New values can be temporarily typed into the yellow "interactive row" to experiment with the effect of various inputs.
The SDK can be used to add a predictions column to an Excel spreadsheet, Access database, VisualBASIC or C program.
The SDK can be used to automatically create an interactive JavaScript or Java web page for live predictions. The web page can be used locally on your hard drive, or posted onto the internet.

Importing Data

NeuNet Pro has a import function that will convert any comma seperated text to a MS-Access .mdb file. The simplest way to get data from Excel into NeuNet Pro is to export from Excel as .CSV and rename the file to .TXT. There are a few points to keep in mind:

The first row should contain field names separated by commas and no quotes
All data should be comma separated but not quote delimited
If there is any non-numeric data below the first row, that whole column will be assumed to be text
Any missing data will stop the import (with a message showing the row number)
NeuNet Pro insists that all source fields are non-null.

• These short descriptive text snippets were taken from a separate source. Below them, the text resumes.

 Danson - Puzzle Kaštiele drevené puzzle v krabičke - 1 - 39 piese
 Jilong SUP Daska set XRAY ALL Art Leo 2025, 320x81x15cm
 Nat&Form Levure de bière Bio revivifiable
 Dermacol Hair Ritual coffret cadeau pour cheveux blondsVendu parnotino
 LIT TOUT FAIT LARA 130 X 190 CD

If ,, is encountered the import is stopped with an error mesage. Rolf Blum has suggested that null values should be allowed. We will consider this in future versions.
The import takes comma-delimited text and creates a MS Access .mdb, which can then be used by NeuNet Pro. If you have Access, you can import directly. If you create your own .mdb, remember it must contain exactly one primary key field. (usually a row counter) Also, there are ways to create a .mdb from Excel.

Confirmed Bug: Please ensure file names do not contain spaces when using Import.

Shuffling Data Rows

Here is a neat trick to randomly shuffle data rows using MS-Access. Shuffling is important to ensure your training data and testing data both truely reflect your data mix. Assume your table has a primary key field called "Row_ID".

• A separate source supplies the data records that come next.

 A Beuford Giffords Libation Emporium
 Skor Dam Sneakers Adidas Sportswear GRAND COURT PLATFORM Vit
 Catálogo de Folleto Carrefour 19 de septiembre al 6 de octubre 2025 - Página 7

Open your table in Access design view and create a new number field called "Order". Set format to Single.
Create and run a new update query, setting [Order] to Rnd([Row_ID]).
Create and run a new Make-Table query using Show for the * (all) fields. Set order-by and not-show for the [Order] field.
Open the new table in design mode and delete the old [Row_ID] field. Save the table.
Open the table again in design mode and create a new [Row_ID] field as auto-number and set as primary key.
If everything looks ok, you may return to design mode and delete the [Order] field.
The new table will now appear as a random shuffle of the original source table. If you wish to make additional shuffles of this same table, change step 2 to use Rnd([Row_ID+x]), where x is a number you pick for this particular shuffle.

Importance of Any One Input

When using a neural net, the importance of any one input can fluctuate depending on the current value of other inputs. For example, imagine a database of 1000 football games that includes inputs wind speed and wind direction. When the wind direction is cross-field, the speed has no importance because the effect is equal on both teams. When the speed is low, the direction has no importance. Any discussion about the importance of wind speed is futile, because it has to be considered along with other inputs. The importance of wind speed can be very high in some cases and very low in other cases.
It is possible to study the NN weights attached to a particular input in order to assess the average importance of this input for this particular mix of data. For example if the 1000 football games included mostly games with cross wind or low speed, the weights would show that direction is not important. However, direction might be highly important in a minority of cases.
Another method is to nudge a particualr input value up and down and observe the effect on the predicted value. If a 1% nudge causes a 10% change in prediction, this input is very important, but only for the current value of the other inputs.
The ability to use changing importance is a major advantage of neural nets over classical statisical regression.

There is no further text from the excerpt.